__DATASET EXTRACT__

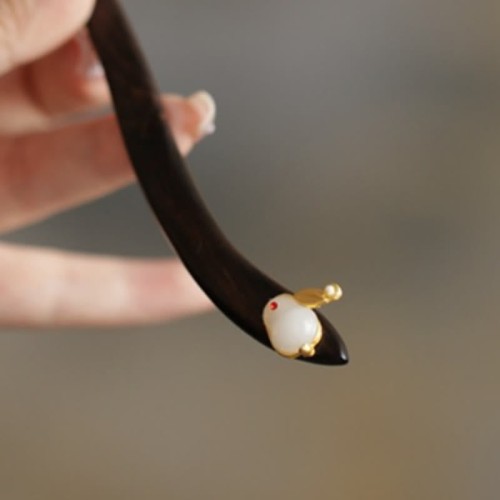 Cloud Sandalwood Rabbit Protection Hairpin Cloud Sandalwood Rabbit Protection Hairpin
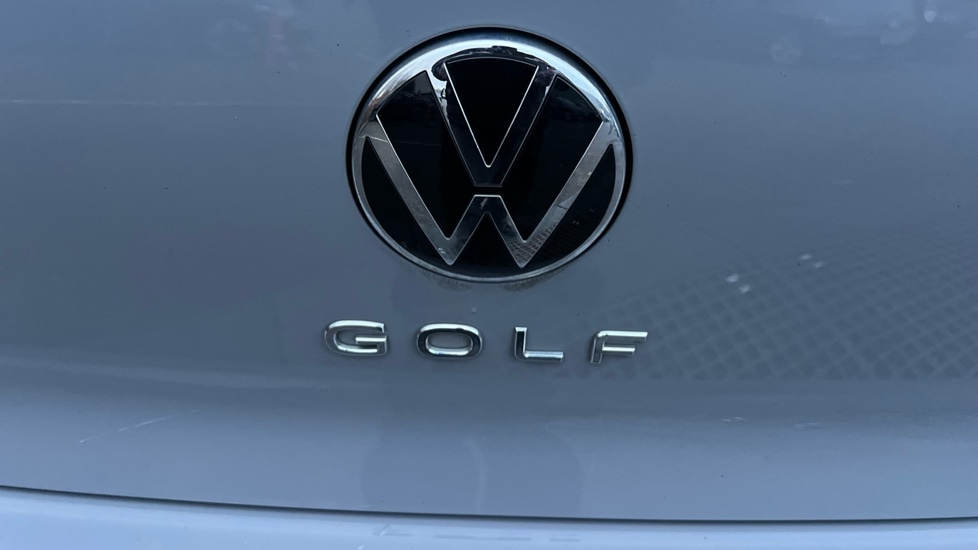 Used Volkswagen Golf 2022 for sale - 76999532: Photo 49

---

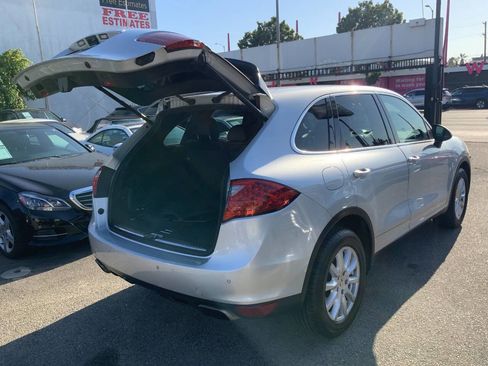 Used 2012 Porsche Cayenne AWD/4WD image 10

__ASSIGNMENT__
Among the lines above, the one with "Cloud Sandalwood Rabbit Protection Hairpin Cloud" opens the part to repeat and the one with "Used Volkswagen Golf" closes it; repeat only that part exactly, with no pictures.

__RESPONSE FOR THIS EXERCISE__
 Cloud Sandalwood Rabbit Protection Hairpin Cloud Sandalwood Rabbit Protection Hairpin
 Used Volkswagen Golf 2022 for sale - 76999532: Photo 49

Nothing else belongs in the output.